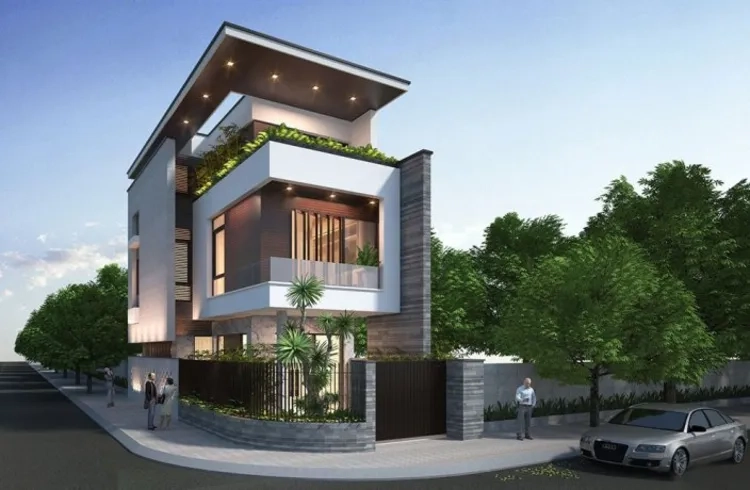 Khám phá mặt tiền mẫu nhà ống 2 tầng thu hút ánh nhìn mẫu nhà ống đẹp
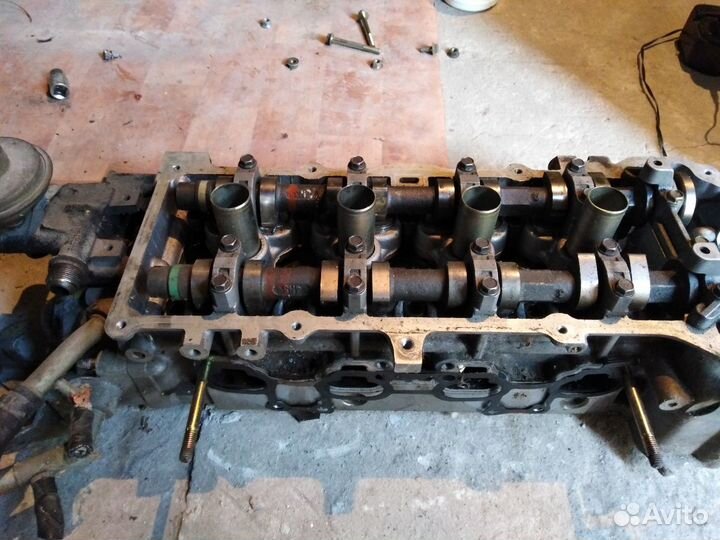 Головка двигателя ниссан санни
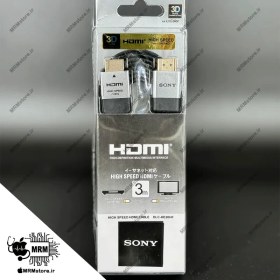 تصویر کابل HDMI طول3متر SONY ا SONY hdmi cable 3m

==

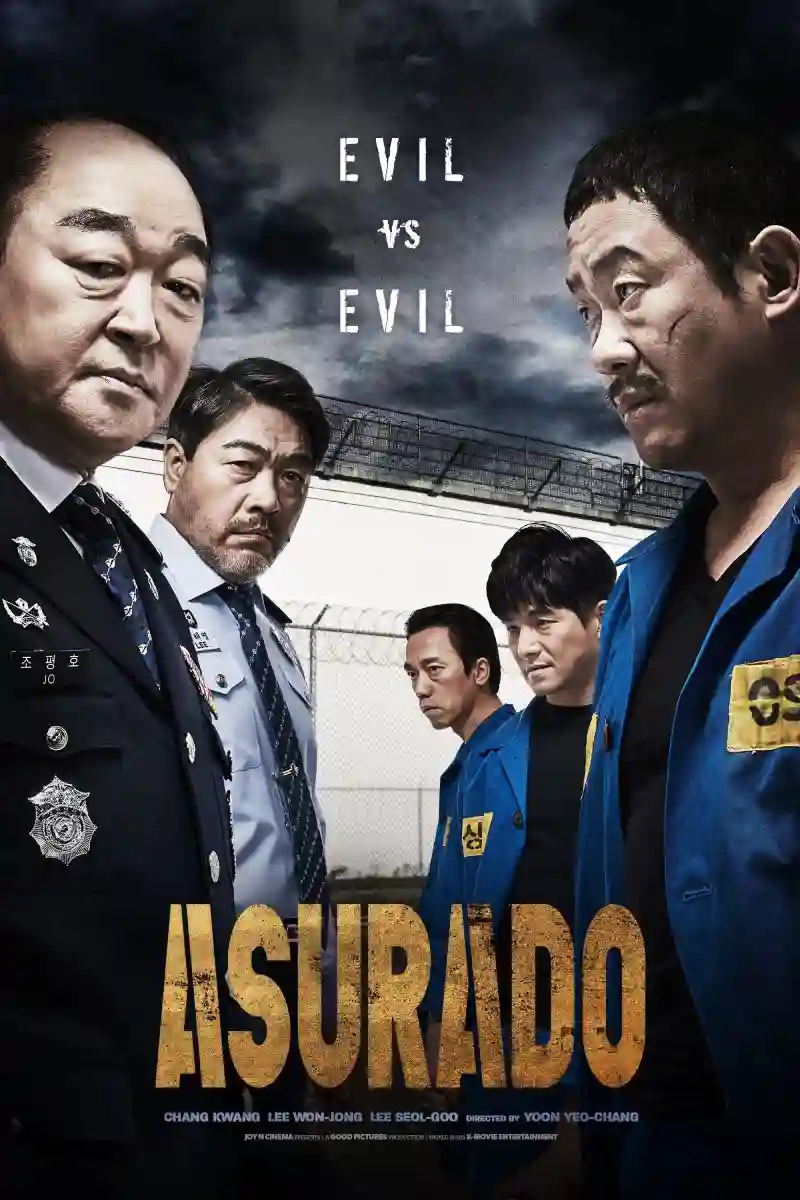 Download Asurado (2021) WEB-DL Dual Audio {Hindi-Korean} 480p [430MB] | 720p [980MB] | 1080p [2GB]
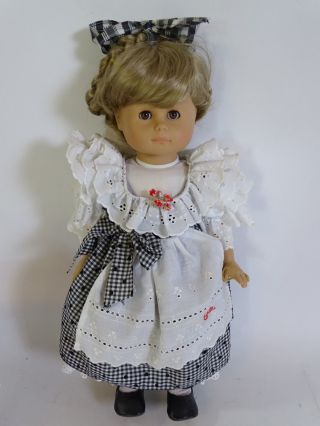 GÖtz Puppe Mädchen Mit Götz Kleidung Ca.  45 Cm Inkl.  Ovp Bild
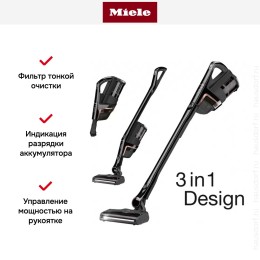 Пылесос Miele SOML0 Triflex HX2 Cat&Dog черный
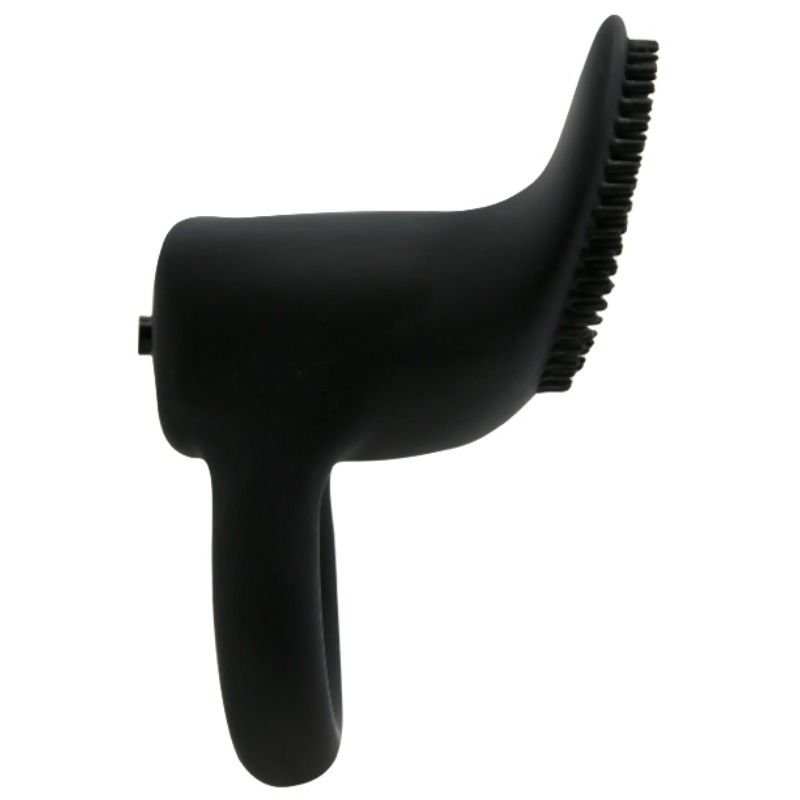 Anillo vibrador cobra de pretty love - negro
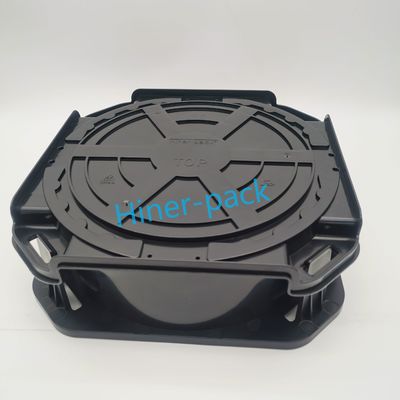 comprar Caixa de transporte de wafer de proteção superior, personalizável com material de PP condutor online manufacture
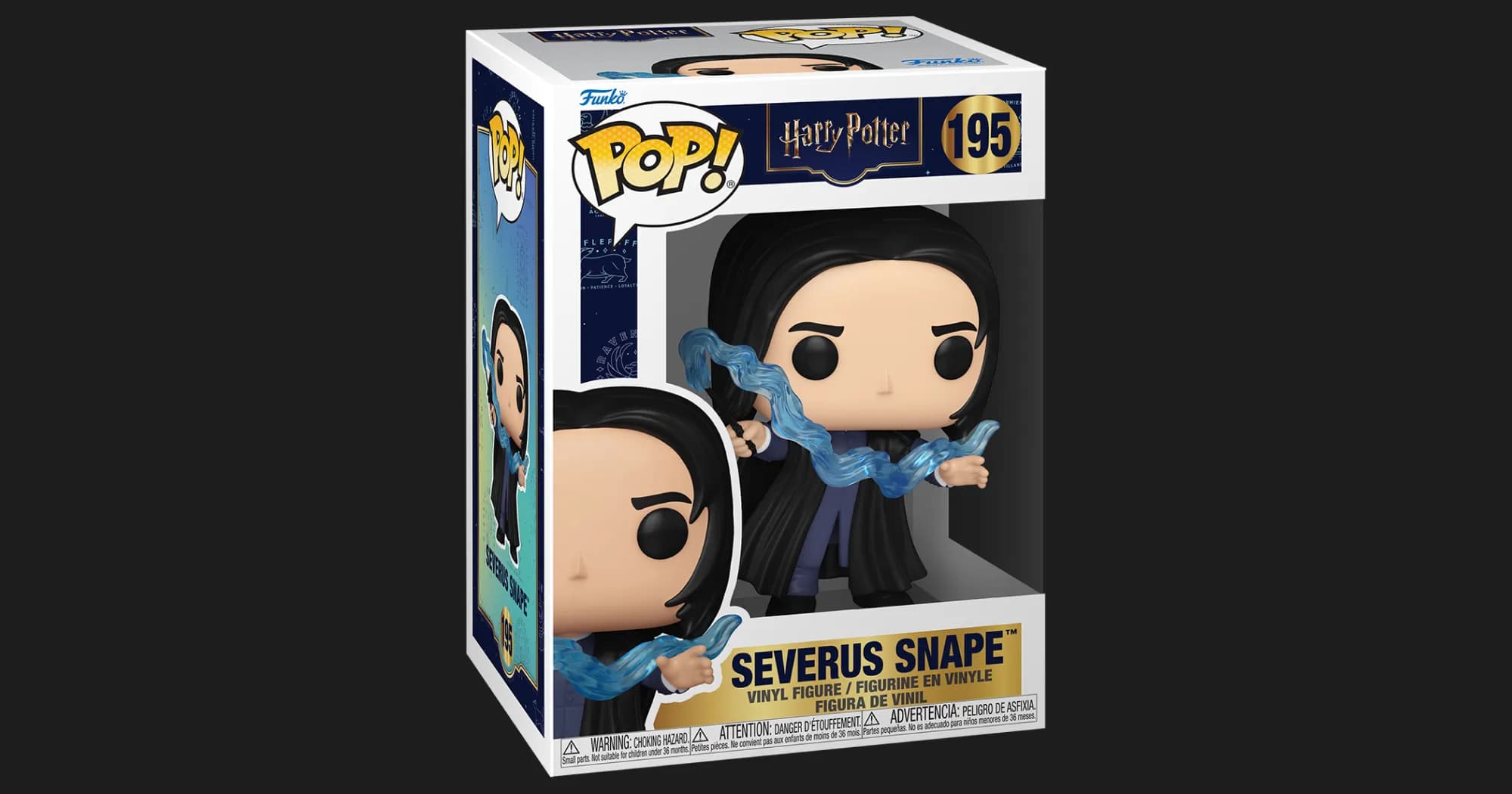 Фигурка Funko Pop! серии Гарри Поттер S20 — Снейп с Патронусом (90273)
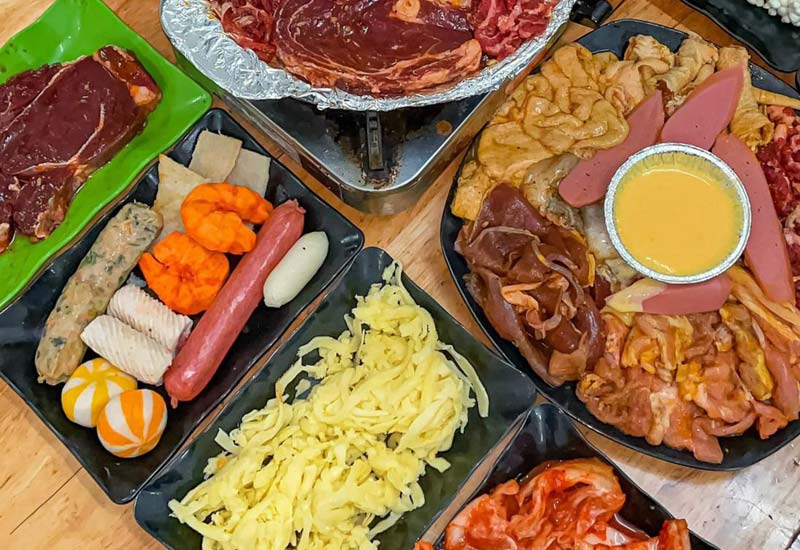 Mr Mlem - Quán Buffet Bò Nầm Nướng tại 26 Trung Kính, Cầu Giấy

§ Assignment
The material above holds pictures; leave them out and set down exactly the lines from the line with "comprar Caixa de" to the line with "Mr Mlem - Quán", both included.

§ Exercise result
 comprar Caixa de transporte de wafer de proteção superior, personalizável com material de PP condutor online manufacture
 Фигурка Funko Pop! серии Гарри Поттер S20 — Снейп с Патронусом (90273)
 Mr Mlem - Quán Buffet Bò Nầm Nướng tại 26 Trung Kính, Cầu Giấy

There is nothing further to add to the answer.